# BRIEF
What you write should be an exact repeat of the lines from the one with "We've talked about" through the final line below, minus the pictures.

┌──

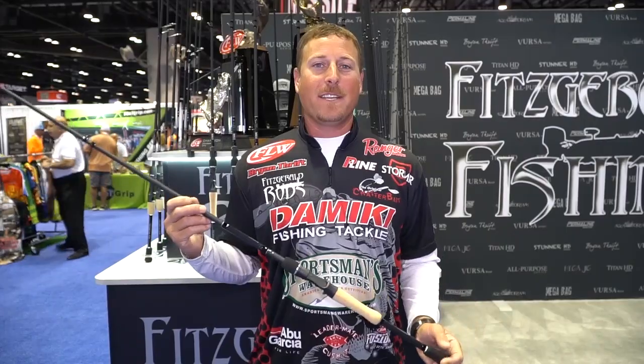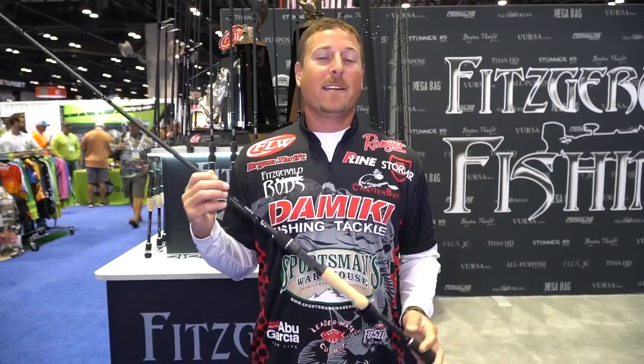Hi, Brian Threuth here at ICAST 2018. I'm going to introduce you to a new rod series from Fitzgerald Fishing. This is an all-purpose series.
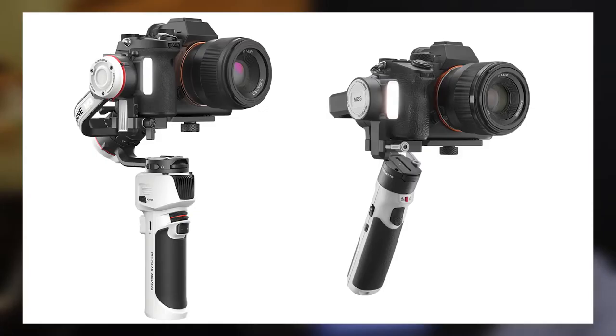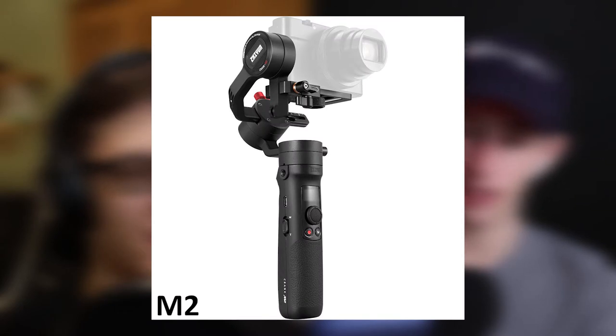We've talked about this company before — it's pronounced Zhiyun, not Zhiyun like I said last time. They make gimbals. The last time we talked about the M3, which was a really interesting gimbal. Now they've come out with the M2S, which is essentially a smaller version of the M3. They already had an M2, and now the M2S brings the unique features of the M3 to that smaller body.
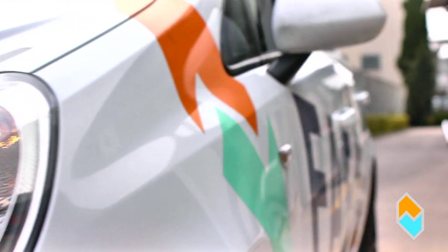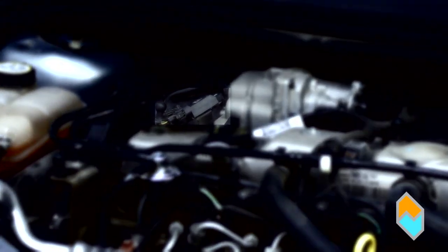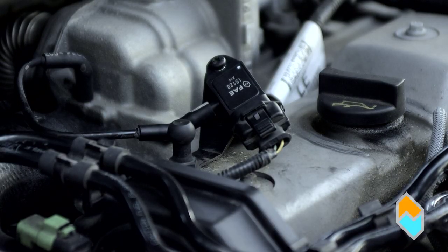Proceed as follows to replace the MAP sensor. First, locate the MAP sensor on the vehicle, installed on the intake manifold. Disconnect the battery so that no current is supplied to the MAP sensor.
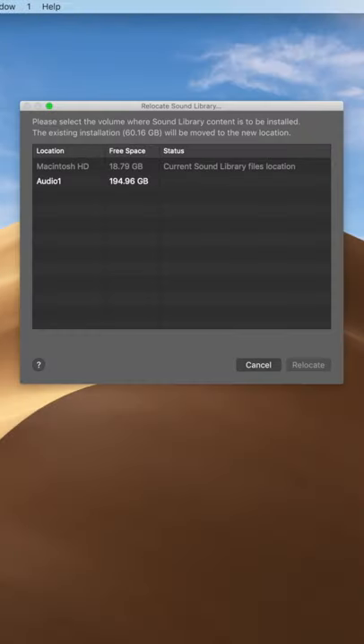Here you'll see I've got my main drive, which I've only got roughly 19GB of storage space left, whereas my Audio 1 hard drive I've got almost 200GB. So all we got to do is hit Relocate, and we'll let Logic do its thing.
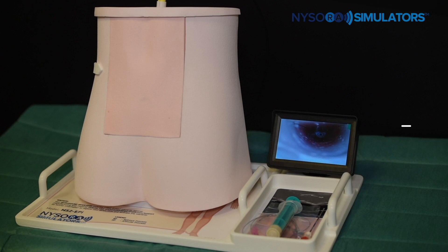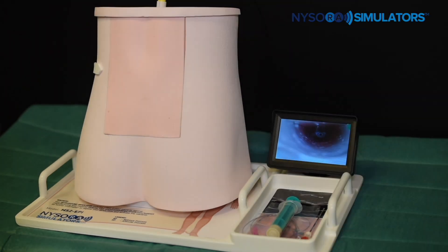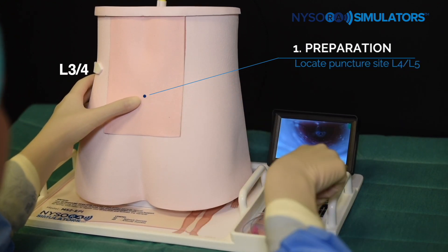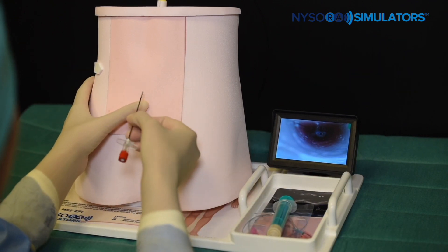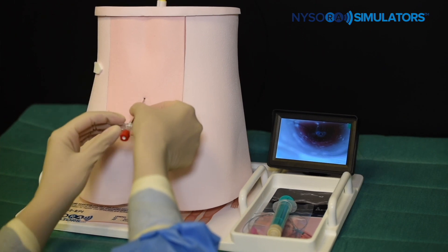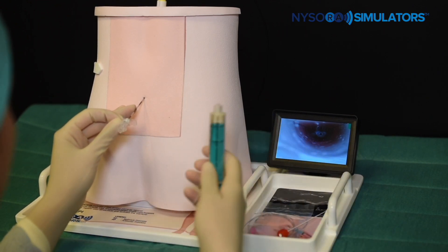Let's see how we can use the Nysora simulator to perform a landmark-based technique. Here we can see an L3 and L4 interspace. Note that although the Nysora simulator physically appears smaller than the human body, the actual anatomical landmarks of importance are exactly the same as in an average-sized adult of 75 kg. The smaller flanks are specifically engineered to allow for ease of storage and transportation.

└──

# RESULT
We've talked about this company before — it's pronounced Zhiyun, not Zhiyun like I said last time. They make gimbals. The last time we talked about the M3, which was a really interesting gimbal. Now they've come out with the M2S, which is essentially a smaller version of the M3. They already had an M2, and now the M2S brings the unique features of the M3 to that smaller body.
Proceed as follows to replace the MAP sensor. First, locate the MAP sensor on the vehicle, installed on the intake manifold. Disconnect the battery so that no current is supplied to the MAP sensor.
Here you'll see I've got my main drive, which I've only got roughly 19GB of storage space left, whereas my Audio 1 hard drive I've got almost 200GB. So all we got to do is hit Relocate, and we'll let Logic do its thing.
Let's see how we can use the Nysora simulator to perform a landmark-based technique. Here we can see an L3 and L4 interspace. Note that although the Nysora simulator physically appears smaller than the human body, the actual anatomical landmarks of importance are exactly the same as in an average-sized adult of 75 kg. The smaller flanks are specifically engineered to allow for ease of storage and transportation.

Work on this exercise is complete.